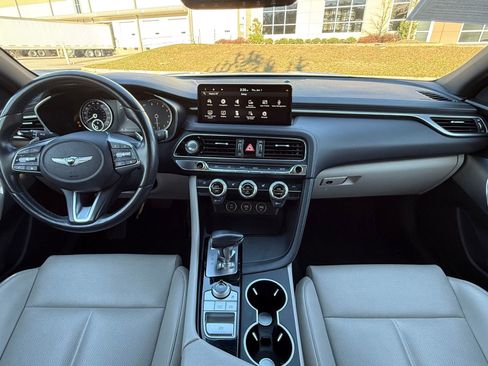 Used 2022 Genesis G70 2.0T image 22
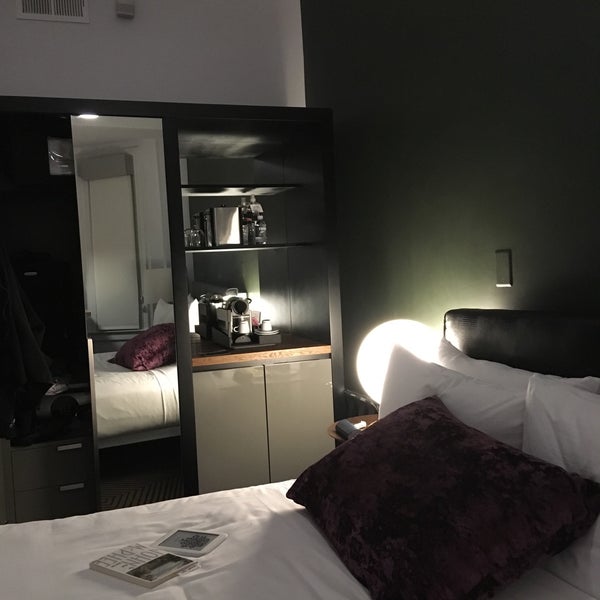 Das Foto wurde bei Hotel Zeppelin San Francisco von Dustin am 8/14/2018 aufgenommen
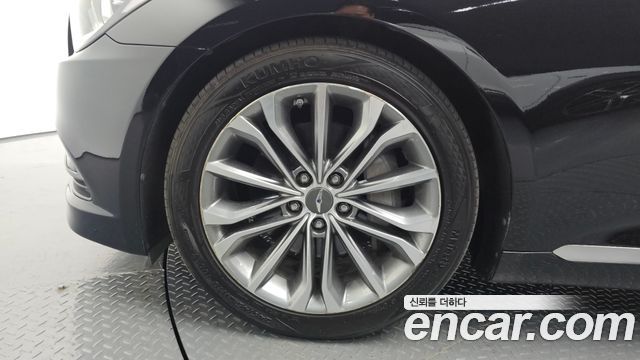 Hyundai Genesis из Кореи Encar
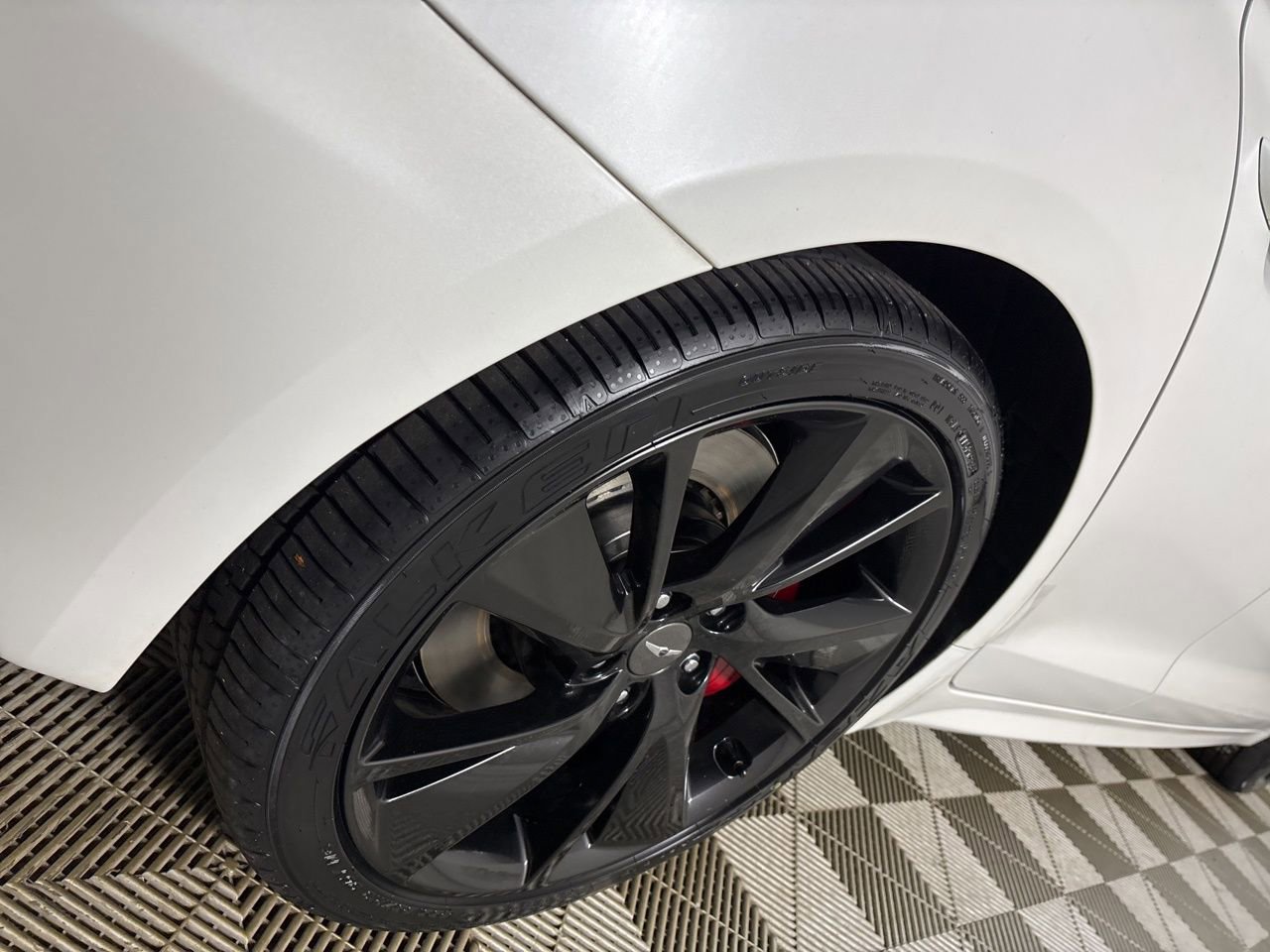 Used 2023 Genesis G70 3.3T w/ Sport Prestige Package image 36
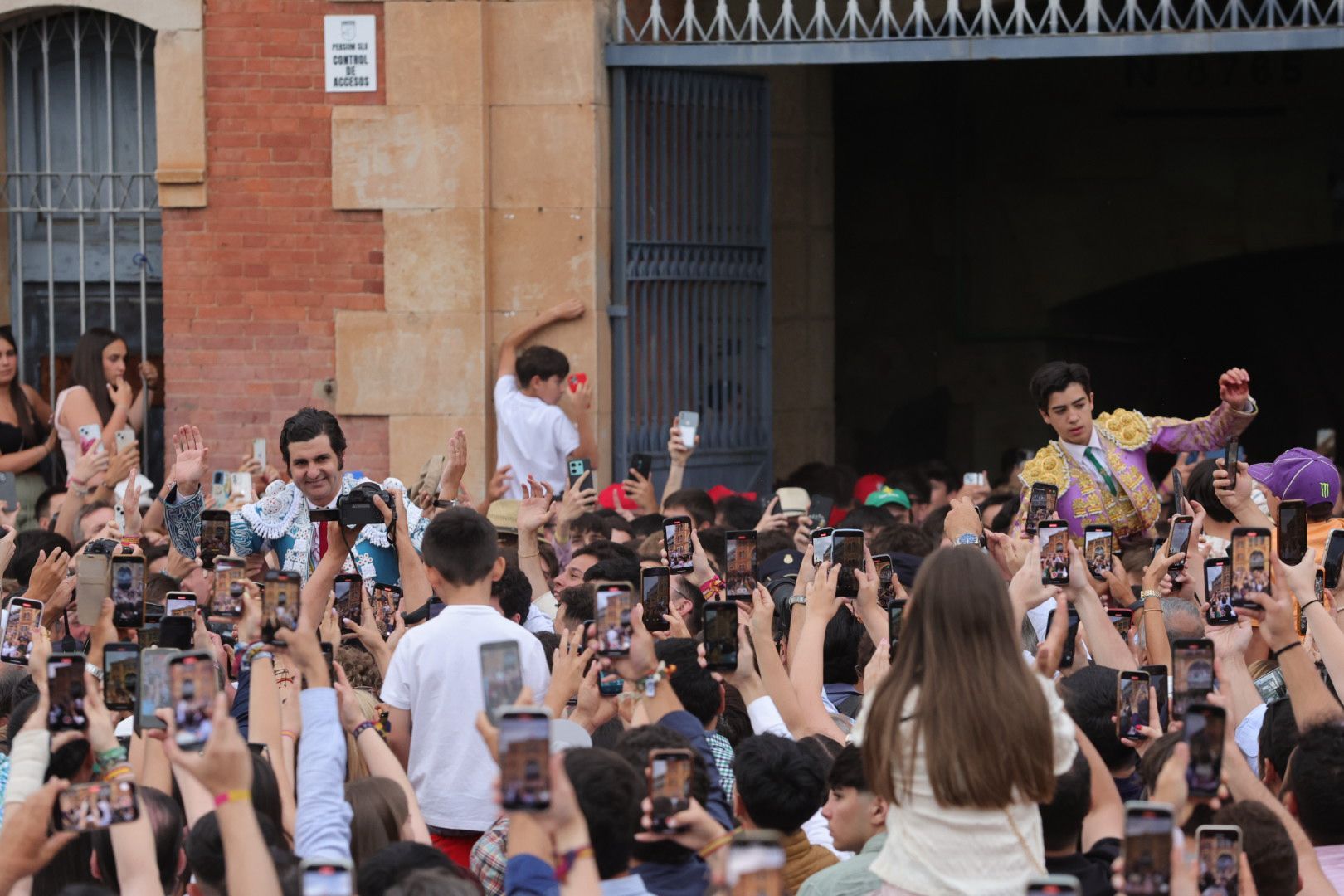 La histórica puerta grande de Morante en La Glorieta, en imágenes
==
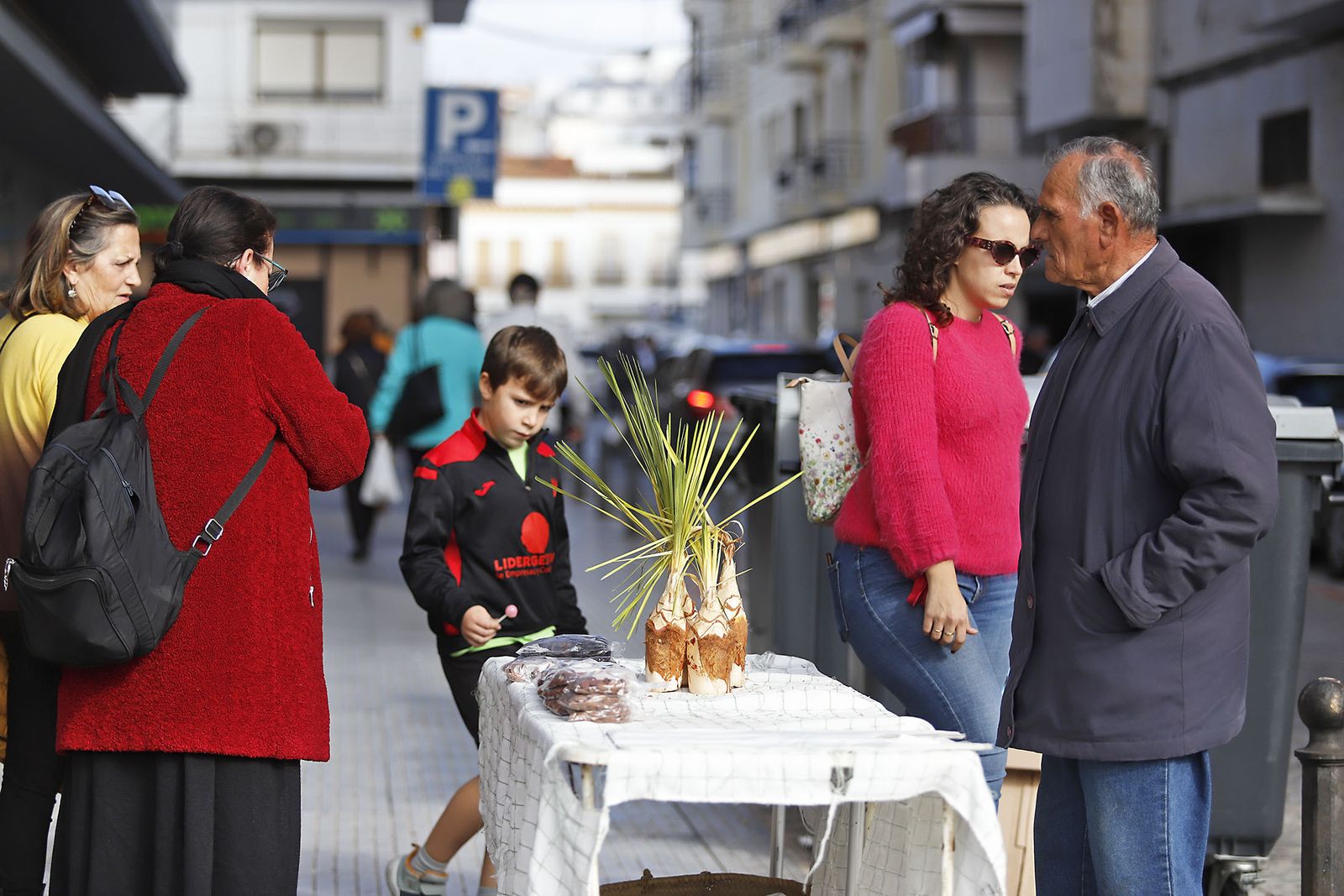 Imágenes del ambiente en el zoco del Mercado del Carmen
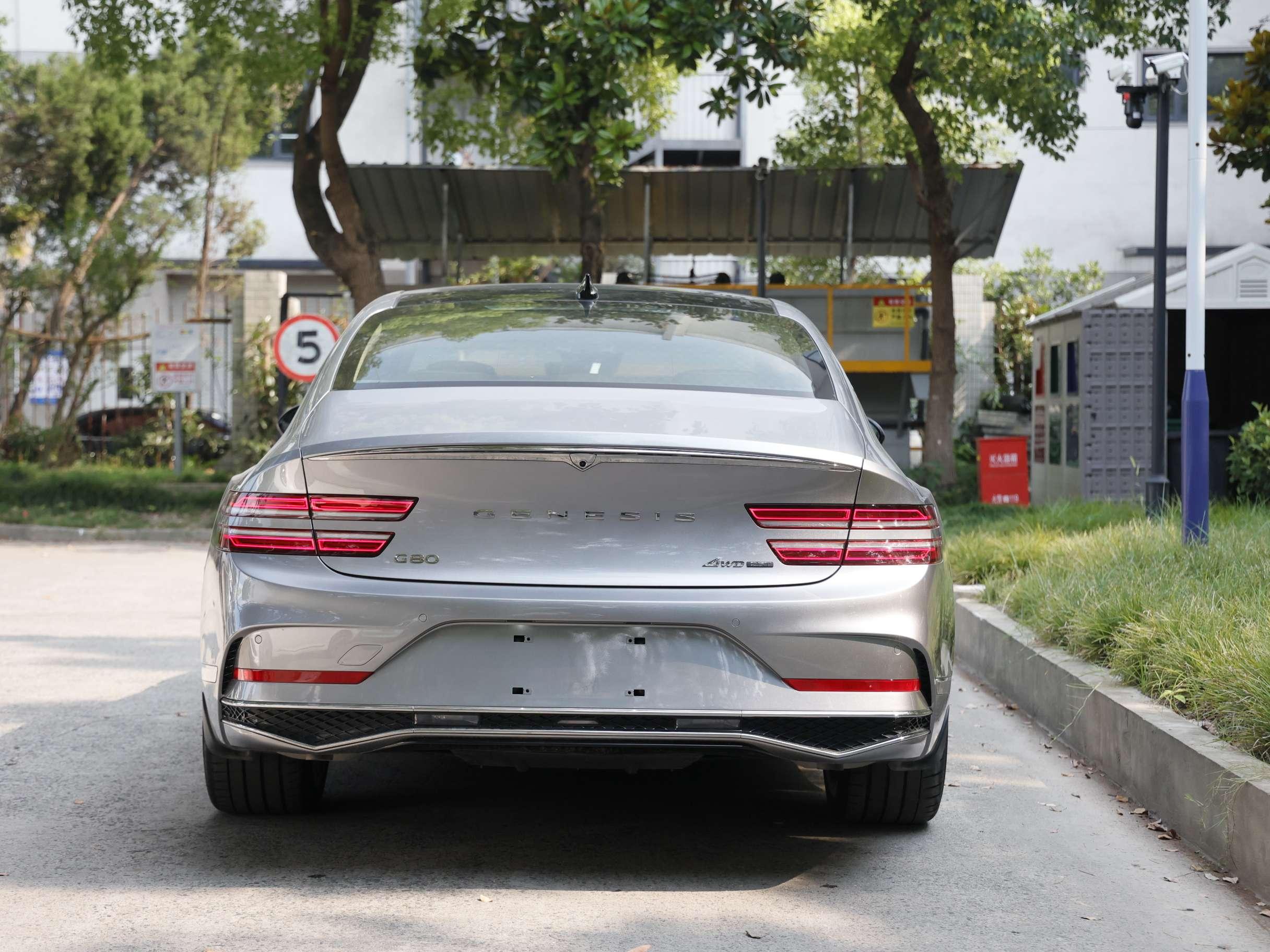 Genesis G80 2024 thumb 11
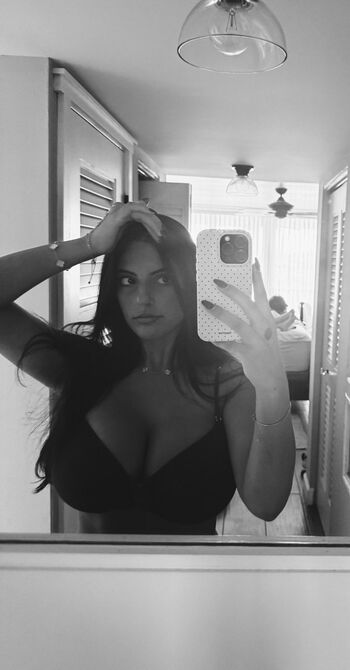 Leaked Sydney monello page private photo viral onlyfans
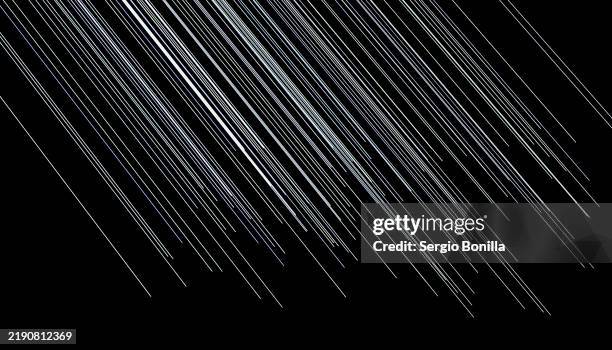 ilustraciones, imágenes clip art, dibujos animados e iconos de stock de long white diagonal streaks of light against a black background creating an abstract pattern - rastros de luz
...
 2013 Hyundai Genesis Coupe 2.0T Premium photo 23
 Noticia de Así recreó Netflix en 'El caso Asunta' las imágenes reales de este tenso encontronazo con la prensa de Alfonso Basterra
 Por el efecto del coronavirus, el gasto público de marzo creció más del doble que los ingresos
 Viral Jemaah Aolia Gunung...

* WHAT THE TASK ASKS *
Find the line with "Used 2023 Genesis" in the entries above. Set down exactly every line from it up to and including the line with "La histórica puerta", images excluded.

* ANSWER SECTION *
 Used 2023 Genesis G70 3.3T w/ Sport Prestige Package image 36
 La histórica puerta grande de Morante en La Glorieta, en imágenes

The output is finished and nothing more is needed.